## Prompt
Copy all lines below exactly as written. Leave pictures out.

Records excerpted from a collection
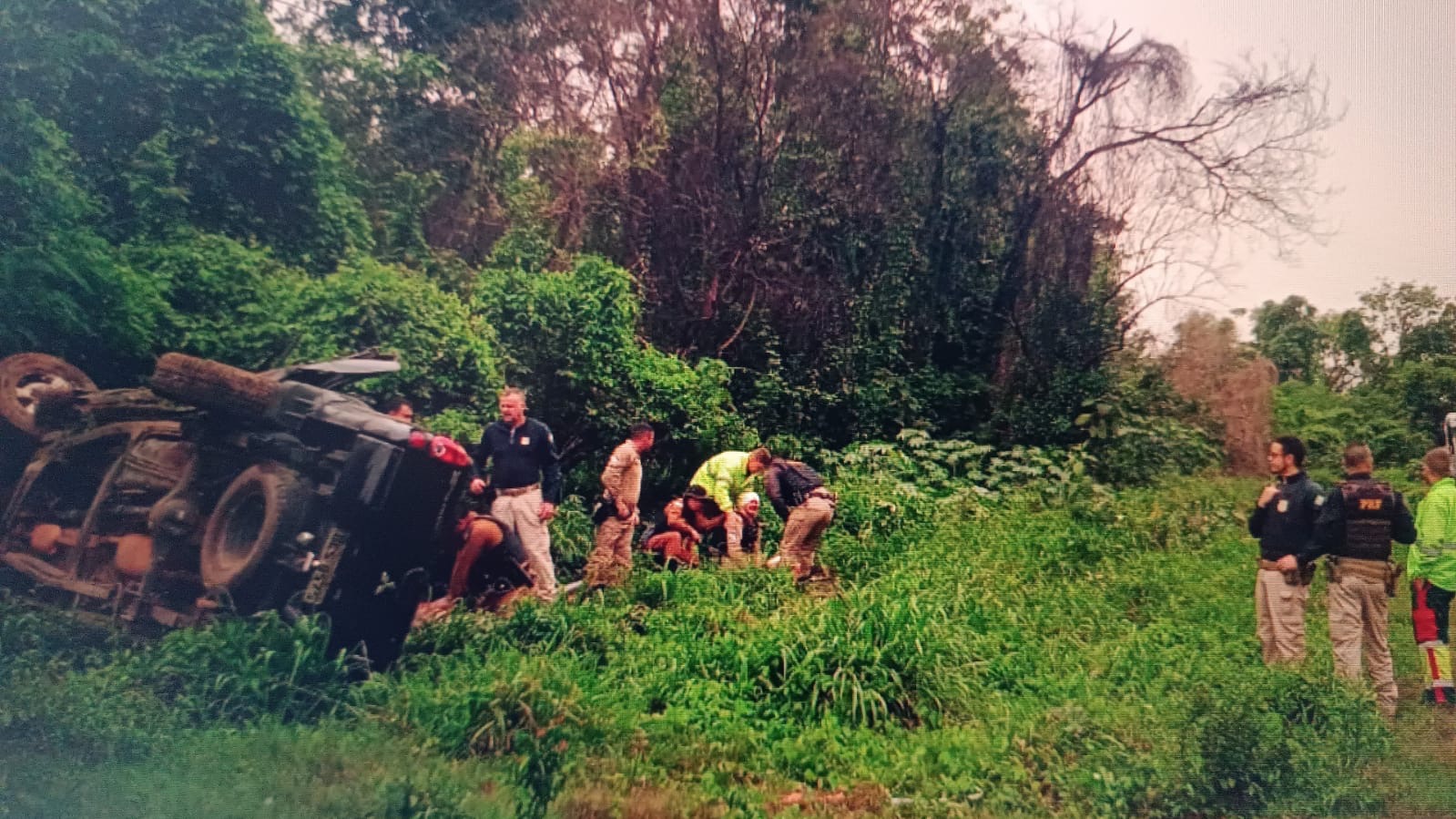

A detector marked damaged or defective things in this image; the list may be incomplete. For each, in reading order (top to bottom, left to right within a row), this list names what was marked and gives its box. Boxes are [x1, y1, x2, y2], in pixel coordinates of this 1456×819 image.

exposed wheel [0, 353, 95, 439]
exposed wheel [150, 350, 279, 417]
exposed wheel [200, 465, 311, 594]
overturned vehicle [0, 350, 532, 667]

## Answer
A detector marked damaged or defective things in this image; the list may be incomplete. For each, in reading order (top to bottom, left to right within a row), this list names what was marked and gives its box. Boxes are [x1, y1, x2, y2], in pixel coordinates of this 1456×819 image.

exposed wheel [0, 353, 95, 439]
exposed wheel [150, 350, 279, 417]
exposed wheel [200, 465, 311, 594]
overturned vehicle [0, 350, 532, 667]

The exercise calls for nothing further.